One of the most dramatic things anyone can do to a golf ball is apply so much backspin that, after landing, it sucks backwards as if on a string. In addition to being fun to watch, this is a useful shot, especially when you’re playing to rock-hard greens or when you need to get close to a pin that is positioned just beyond a bunker or other trouble.
In order to play this shot successfully, you need to have several factors in your favour, only one of which is the proper swing.
The first essential is a clean lie, to enable maximum application of clubface to ball. It also helps to be playing into the wind and to a green that slopes towards you.
Finally, your chances of applying backspin will be enhanced if you’re playing with square-grooved irons and striking a soft-covered ball.
The key to the technique is to make crisp, brisk impact with the back of the ball.
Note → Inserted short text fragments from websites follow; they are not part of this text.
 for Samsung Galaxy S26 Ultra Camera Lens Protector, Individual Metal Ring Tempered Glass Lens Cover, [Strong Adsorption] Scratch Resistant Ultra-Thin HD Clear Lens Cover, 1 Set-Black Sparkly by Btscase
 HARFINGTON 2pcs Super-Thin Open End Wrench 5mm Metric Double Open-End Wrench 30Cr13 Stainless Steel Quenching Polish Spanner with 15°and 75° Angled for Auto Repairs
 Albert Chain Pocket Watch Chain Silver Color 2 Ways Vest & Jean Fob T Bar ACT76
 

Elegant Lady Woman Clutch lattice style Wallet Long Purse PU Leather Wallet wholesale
Ideally, in fact, you want to hit the top-back quadrant of the ball, so that you squeeze the ball against the turf for a millisecond. That’s what creates the friction that makes the ball spin.
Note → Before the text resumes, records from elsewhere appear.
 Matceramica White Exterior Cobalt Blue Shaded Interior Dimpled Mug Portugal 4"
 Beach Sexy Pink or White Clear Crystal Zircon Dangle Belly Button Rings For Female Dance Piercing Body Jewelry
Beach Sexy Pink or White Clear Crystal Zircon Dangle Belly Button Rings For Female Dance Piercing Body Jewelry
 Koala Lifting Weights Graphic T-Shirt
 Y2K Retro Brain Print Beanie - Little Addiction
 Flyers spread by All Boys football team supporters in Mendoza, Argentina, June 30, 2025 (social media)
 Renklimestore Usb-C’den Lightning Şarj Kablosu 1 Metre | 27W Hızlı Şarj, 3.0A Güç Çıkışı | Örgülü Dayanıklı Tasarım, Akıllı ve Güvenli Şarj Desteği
Begin by positioning the ball a few centimetres behind its usual position in your stance. Don’t move it any farther back, because that will simply produce a low, squirting shot. Grip the club more firmly than normal, to reduce wrist action – you want hand speed but not wrist speed.
The swing should be aggressive from top to bottom. Contrary to common belief, the suck back is played with the big muscles – it is not a flick. Keeping those wrists firm, swing through briskly with the arms as your legs and lower body move towards the target.
You don’t want to pick this ball cleanly, but you don’t want a divot either. You’ll know you’ve played it well when, at impact, you slick down the grass in front of the ball.
The Spinless Shot
I was known as a player who put a lot of backspin on the ball, but the fact is, I also knew how to hit a shot that had almost no spin. This is a handy shot to have, particularly when you want the ball to sort of thud down and stop on the green.
Outwardly the swing for this shot looks much the same as that for any other iron shot. Your ball position should be a bit more forward – perhaps half a ball – than usual, but the difference is in the way you feel during the swing. It’s a loose and ‘oily’ feeling, to borrow one of the great Sam Snead’s words. Whereas on most shots you maintain a certain amount of tension in your legs, for this shot you unlock those muscles in your thighs and calves so that your swing flows with extra smoothness. Your knees don’t fire as they do on other swings, and your leg action is soft and yielding. At impact, your club clips the ball with a 3-wood-like angle of attack, rather than the more downward blow that takes a divot.